How-To

Autocad Recovery Manager and How to Use It

Autocad Recovery Manager allow users to recover drawings if their system unexpectedly shutdown. This Could be due to a power outage, hardware issue, or software problem. When starting the application again, its palette opens for your use as part of its operation.

DrawingRecovery Command can also come in handy if you experience trouble opening an existing drawing file or want to know whether there may be recoverable drawings on your computer.

Autocad Drawing Recovery Palette contains three sections.

Palette Area

Recovery Files tree view

Details list Displays information about the drawing file. It includes the file name and folder location, creation date/time/last saved date/time/size information, and who last edited the file.

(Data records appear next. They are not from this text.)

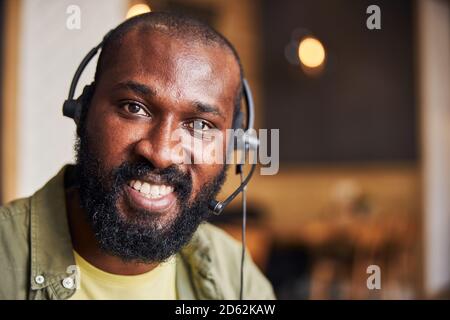 Bell'uomo afro-americano in cuffia che esprime emozioni positive Foto Stock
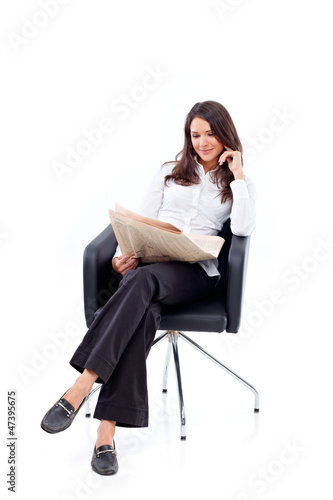 Photo: Casual 20s woman reading stock rates in newspaper 5 Casual 20s woman reading stock rates in newspaper 5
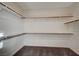 Spacious walk-in closet with ample shelving and rod space, providing plenty of room for storage and organization at 513 Founders Creek Ave, North Las Vegas, NV 89084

Preview Area: Displays an initial preview of your drawing file.

Use these toolbar buttons at the top of your palette:

Details View Toggle Buttons: Toggling on and off the Details area of the palette is accomplished using this button.

Turn On/Off Preview: A toggle that activates and deactivates the Preview area of a palette.

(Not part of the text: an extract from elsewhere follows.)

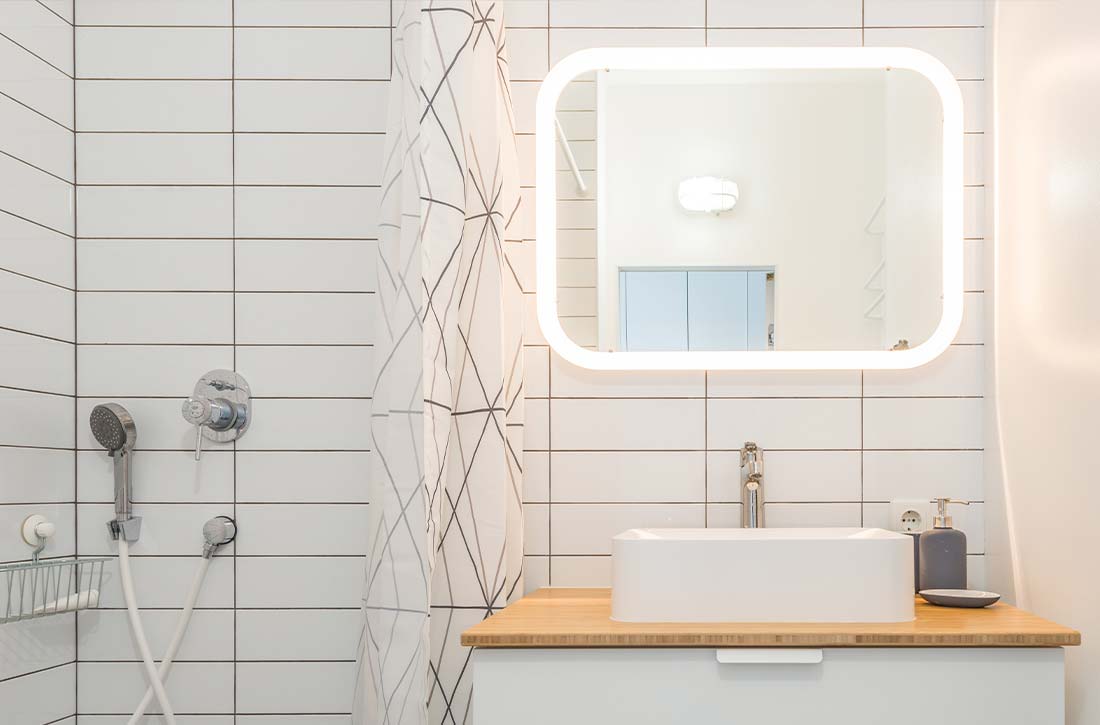 Small bathroom with LED lights in mirror.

The DrawingRecovery Manager supports these file types:

File Types (.dwg, .dwsand .dwt) For drawings (DWG files, Drawing Standard files, or Drawing Template files). Recoverable.

Autosave files (.ds$* for short) are backup files your system created automatically at regular intervals using its Options command. In the Options dialog box, you can set how often they get automatically saved using minutes between automatic saves or via their extension in System Options > Autosave & Backup.

Backup files (.bak) are automatically created when manually saving a drawing file in its current folder or using Options > System Options > Autosave & Backup on a drawing’s options dialog box. Use the “Options” command to turn them on or off at will: in its Options dialog box, click System Options > Autosave & Backup for this option.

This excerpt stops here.